Вернуться к С.У. Таймасов. Восстание 1773—1774 гг. в Башкортостане

Глава 2. Деятельность следственно-судебных органов

Смертная казнь в России была отменена в 1754 году декретом Елизаветы Петровны. Императрица значительно смягчила суровые законы, выработанные ее отцом. Военный устав и Морской устав, введенные в 1716 году Петром Первым, предусматривали применение смертной казни в 13 случаях, дополнительно к 60 случаям, предусмотренным действующим «Соборным уложением» 1649 года. К старым видам смертной казни добавились: расстрел, казнь по жребию; к членовредительным наказаниям: вырывание ноздрей, языка и клеймение; новым видом ссылки была отправка на галеры (каторгу). Причем военно-уголовные законы широко применялись к гражданским лицам.

В ходе уголовного процесса самым совершенным видом доказательства признавались показания обвиняемого. Поэтому во время следствия широко применялись пытки. При подавлении пугачевского восстания екатерининское правительство вновь прибегло к юрисдикции петровского законодательства. Ради справедливости необходимо отметить, что при этом карательные меры были значительно смягчены по сравнению с жестоким политическим террором, существовавшим в России в годы правления Петра I и Анны Иоановны.

В 1765 году Екатерина II высказала следующую мысль: «Странно, как роду человеческому пришло на ум, лучше утвердительно верить речи в горячке бывшего человека, нежели с холодной кровью. Всякий пытанный в горячке и сам уже не знает, что говорит. Итак, отдаю на разсуждение всякому имеющему чуть разум, можно ли верить пыточным речам и на то с доброй совести полагаться». Дубровин пишет: «Угроза и пытки при допросах были строго воспрещены императрицею, а между тем до нея стали доходить слухи, что подобные меры предпринимаются в следственных комиссиях. Опасения, чтобы с одной стороны не были пущены в дело пытки и истязания, а с другой — чтобы подсудимые своими показаниями не «оконфузили» комиссий, императрица признала более удобным соединить опять в одно обе секретные комиссии и назначить им общего руководителя. Таким лицом был избран троюродный брат фаворита Павел Сергеевич Потемкин»1. 27 ноября 1774 года генерал-прокурор А.А. Вяземский направил Рейнсдорпу секретное письмо о неприменении пыток в любых случаях2. Расследованием дел по государственным преступлениям занималась Тайная экспедиция Сената, созданная в 1762 г. под руководством обер-секретаря С.И. Шешковского. Общее руководство ее деятельностью осуществлял А.А. Вяземский. Она вела крупнейшие процессы, связанные с дворцовыми заговорами, самозванчеством и т. п. Она занималась делами Пугачева и его ближайших сподвижников. Тайная экспедиция осуществляла одновременно две функции: следственную и судебную. И в этом было главное несовершенство российского правосудия. На местах, в губерниях, власть полностью заключалась в руках губернатора. Он был наделен административными, полицейскими, судебными функциями. Большими полномочиями в провинциях и уездах обладали воеводы и их канцелярии. Здесь также следствие, суд и приведение в исполнение приговора находились в ведении одних и тех же органов.
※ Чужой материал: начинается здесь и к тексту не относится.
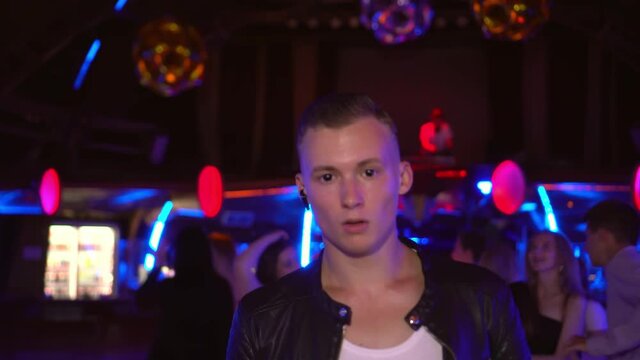 A guy walks through a nightclub right in front of the camera. Movement. He is wearing a black jacket and dilated black pupils in his eyes. On the background of the dance floor and dancing people.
В ходе подавления восстания полновластными вершителями судеб были командиры карательных отрядов, казнившие и миловавшие по своему усмотрению. Основными судебно-следственными органами, действовавшими в ходе восстания, были специально созданные по указам Екатерины II секретные следственные комиссии в Казани, Оренбурге и Яицком городке.

Павел Сергеевич Потемкин

В соответствии с рескриптом Екатерины II от 29 ноября 1773 г. была учреждена Казанская секретная комиссия. Ее члены подчинялись генералу А.И. Бибикову и приехали в Казань в его свите.

После смерти Бибикова указом императрицы от 26 апреля 1774 г. комиссия была подчинена казанскому губернатору Я.Л. Бранту.

Когда надежды на скорое подавление бунта не оправдались, а поток арестантов продолжал расти, встала необходимость назначить на пост начальника комиссий специального человека. Выбор Екатерины пал на генерал-майора П.С. Потемкина.

Потемкин прибыл в Казань в ночь на 8 июля — перед самым нападением Пугачева. Вместе с членами секретной комиссии он расположился в Казанской крепости, в доме архиерея Вениамина3. Тюрьма для подследственных находилась в форштадте4. 12 июля тюрьма была захвачена пугачевцами и заключенные выпущены на свободу.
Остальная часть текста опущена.